Presence were a British rock band started by Gary Biddles, Lol Tolhurst, and Michael Dempsey. Dempsey and Tolhurst were founding members of The Cure, and Biddles was a former Cure roadie who previously played in Fools Dance with Simon Gallup.

In their brief existence, the band only recorded two albums. Their debut album, Inside, was released in the UK through Reality Records in 1992 and in the US through Smash Records, a subsidiary of Island Records, in 1993. They initially began recording their second album, Closer, that same year with former The Smiths producer John Porter at the helm but it wound up being shelved for a little over two decades. The album was posthumously released on 28 April 2014, a year after the death of Gary Biddles.

History
In 1990, Dempsey, Tolhurst and Biddles were recording demos together with a view to forming a new band following Tolhurst's departure from The Cure. With the addition of keyboardist Chris Youdell (of Then Jerico) and drummer Alan Burgess the band emerged in 1991 as Presence with the singles, "In Wonder" and "All I See". Dempsey received co-writing credit for "Amazed"; the b-side of "All I See", but took a background role as a session bassist, and did not appear in the band's photos or press releases. Porl Thompson also made guest appearances on guitar for some of these recordings, but by 1992 both Dempsey and Thompson were officially replaced by bassist Roberto Soave (formerly of The Associates and Shelleyan Orphan) and guitarist Rob Steen respectively. However, Dempsey received co-writing credits for two tracks on Inside. Although Inside was well received by critics, the album was a commercial failure, and led to the dissolution of the band. Tolhurst confirmed in an interview several years later that Presence had recorded a second album, which was produced by former Smiths producer John Porter. In retrospect, Tolhurst has stated he felt the band "was really too much too soon I felt for me". but he does not discount his experience with Presence either.

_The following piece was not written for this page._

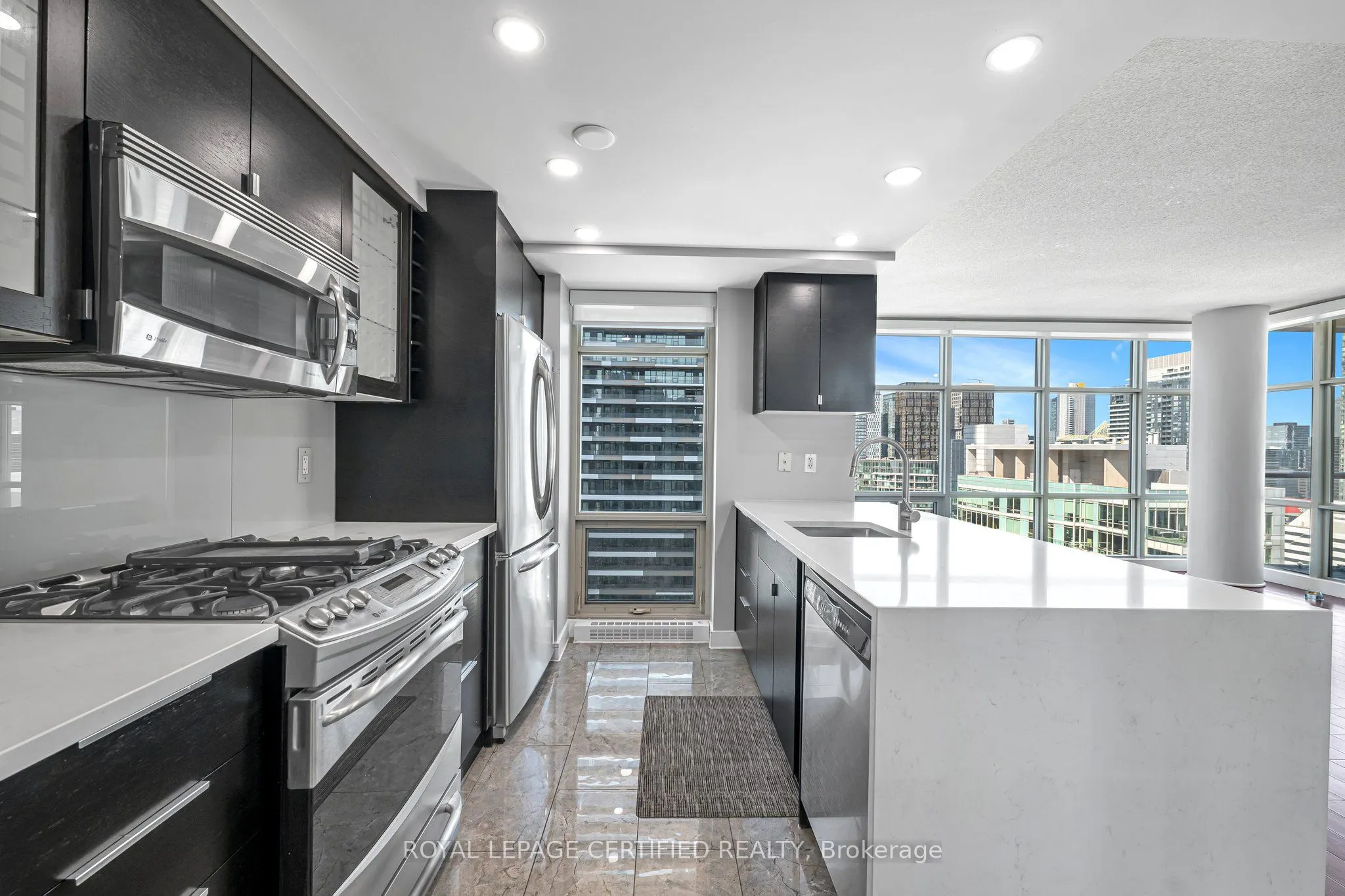 10 Navy Wharf Court, #4106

Since the breakup of Presence, Roberto Soave and Rob Steen have played in another band called Babacar along with Boris Williams of The Cure and Caroline Crawley of Shelleyan Orphan. Tolhurst is focusing on his current project Levinhurst with his wife Cindy Levinson on vocals.

In December 2011, Inside was made available in MP3 format through Amazon and iTunes for the first time; its track list was expanded to include the b-sides from those sessions. In March 2013, their unreleased second album Closer was made available for listening in its entirety through SoundCloud.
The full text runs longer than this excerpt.